In order to accommodate future content, McKay and Bohmbach created specific guidelines for the type of content that would appear in the various content modules in the lower half of the page—boxes with the headings “Discover,” “Download,” “Buy,” and “Participate.” The last, for example, is a doorway to Sun’s employee blogs (including CEO Jonathan Schwartz’s much-sought-after musings). “We wanted to tune the home page so every piece of real estate had a purpose and a defined goal, and we could understand how it performs,” Bohmbach says.

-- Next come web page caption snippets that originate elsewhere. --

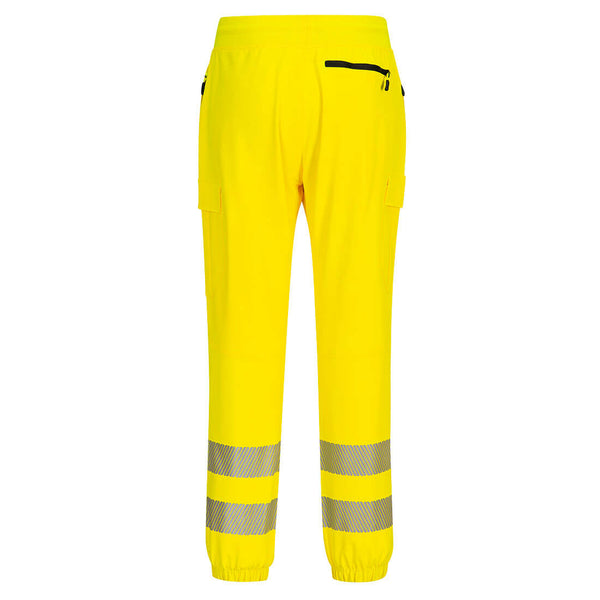 PW3 Hi-Vis Flexi Jogger-RAG-Tailors-Fardas-e-Uniformes-Vestuario-Pro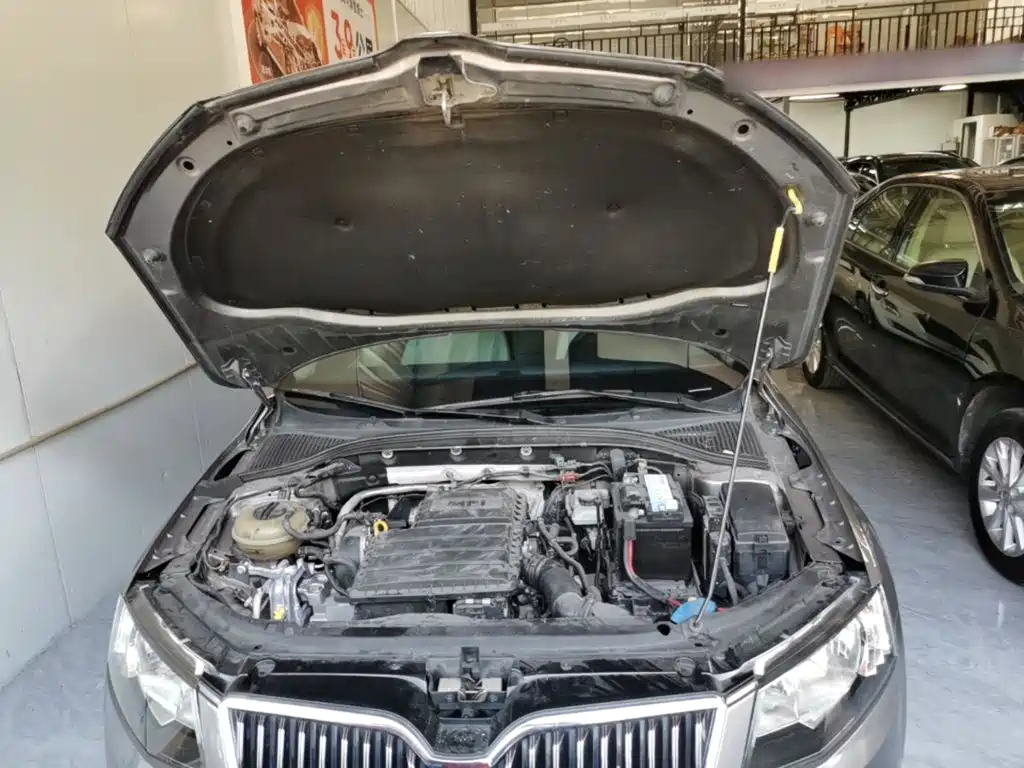 Skoda Octavia — миниатюра 20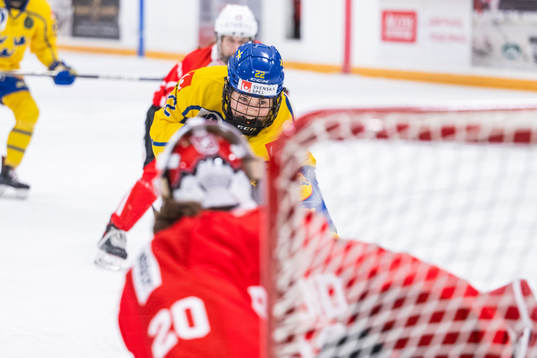 Hanna Thuvik of Sweden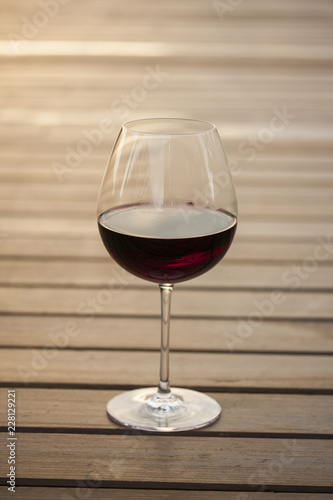 red wine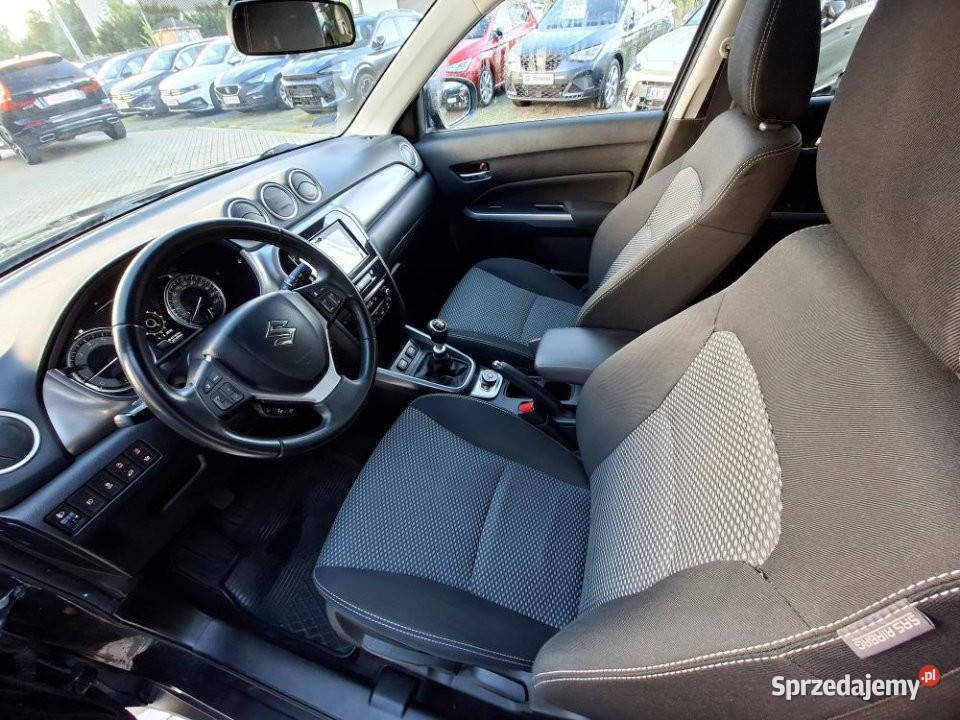 SUZUKI Vitara 2019r SalonPL BLIS Podgrzewane Kraków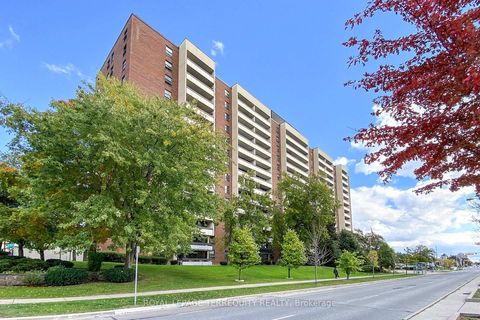 Photo 44 at 1410 - 455 Sentinel Road, York University Heights, Toronto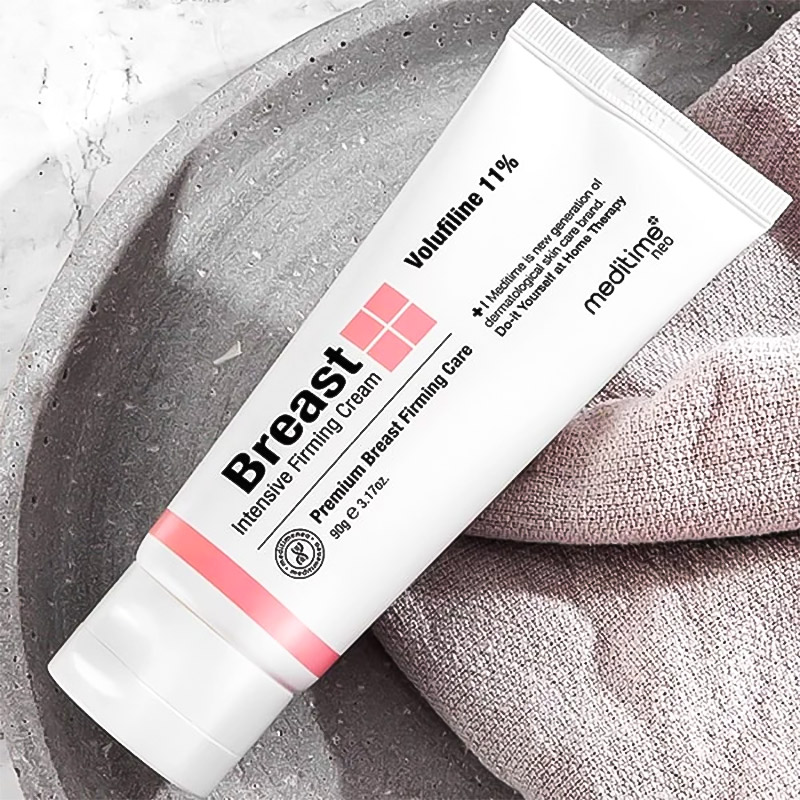 Крем для подтяжки груди Meditime NEO Breast Intensive Firming Cream ...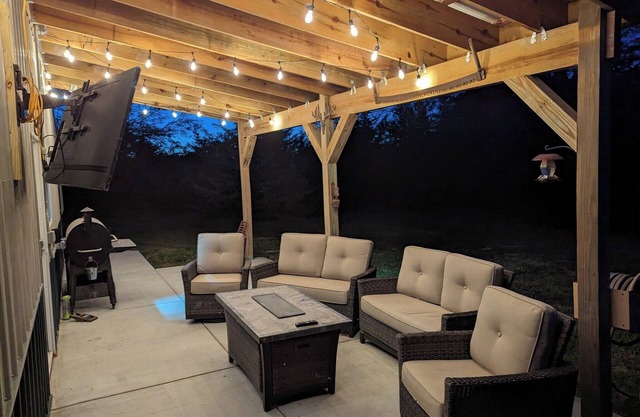 Cabin Getaway
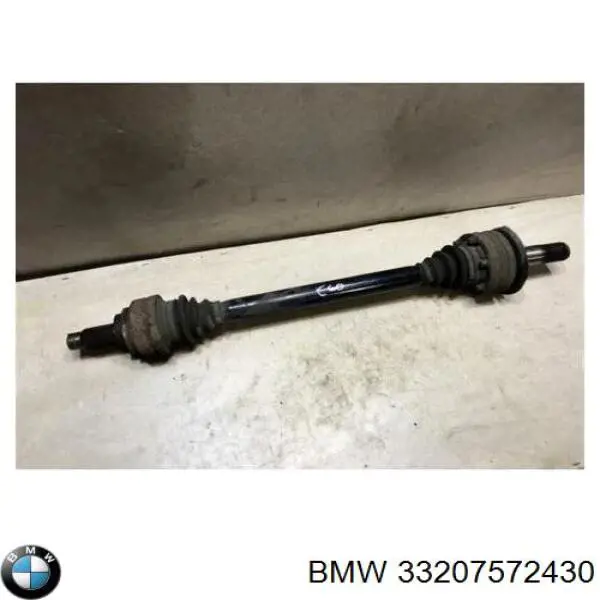 Приводи задніх коліс BMW 33207572430 ціна, від 98.76 USD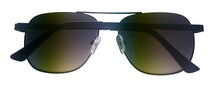 Load image into Gallery viewer, Timberland Men Gunmetal Sunglass Metal Aviator, Gradient Lens TB7159 8C
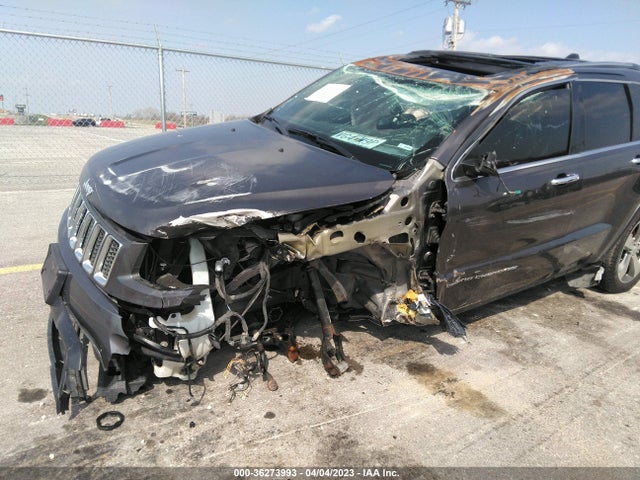 Jeep Grand Cherokee Limited 2015 1C4RJFBG8FC726293 Image 7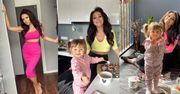 Sylwia Bomba w „Gogglebox” pokazuje tylko pokój. A jak wygląda reszta jej mieszkania? To źródło wielu inspiracji. Cudnie tam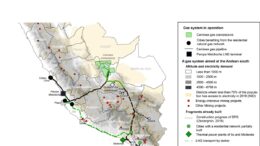 SPH Propone Expansión del Gas Natural en Perú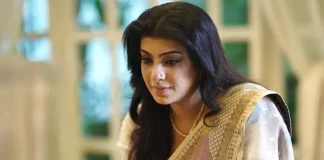 মিউজিক ভিডিওতে সাদিয়া ইসলাম মৌ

“So now, when something needs to be added, the conversation is not about changing the page. It’s about certain parts of the page functioning in certain ways. If you want to add certain kinds of messaging or a link, this is how we do it.” In essence, the designers have done the same thing to the home page as a personal organizer does to a house. They’ve come in and put everything into tidy boxes where it can be accessed quickly, easily, and intuitively. The challenge has been to make a large amount of content easily accessible to a diverse array of potential users. “It’s a question of ‘How do we shortcut people in?’” Bohmbach says.
Measures of Success
Initially, some stakeholders in the project were pushing for much more radical changes to the home page. But they’ve been pleased, McKay says. “I was pushing back against them and challenging that idea,” he admits. “I asked them if that was really the right thing to do right now. But the good surprise has been that the business owners were happy with what we did. It’s been successful in that sense.”
McKay says he’s glad the look and feel remained similar—partly because of the time crunch, but also because it has made it easier for him and the Sun metrics team to analyze traffic on the page. “Newness impacts the [usage] pattern,” he says. “Once it wears off, only then can you see how people are using the site over time and what the patterns are.”
A few patterns have emerged:
• The new “Products” pull-down menu is one of the most popular areas on the page.
• Promotion click-throughs are up 65 percent, and online sales engagements have doubled.
• Feature stories remain popular, with stronger traffic.
Sun’s metrics team is still emerging, Bohmbach says, but its work is becoming high-priority. “When Sean came in and helped us on this work, it was really the first project where we looked at the measurements first,” she says. “It’s been pushing us further and faster in a direction towards this design-with-analytics-in-mind kind of mentality. But we’re still getting up to speed on that. We know there are some things on the home page that aren’t working, and we know there are some things we’d like to do to understand it better. We want to formalize the process so that we re-address the home page every year and ask ‘What have we learned, and what do we want to change?’”
Note: Bohmbach and McKay gave a presentation about Sun’s home page redesign for a Minnesota Interactive Marketing Association event in February 2007.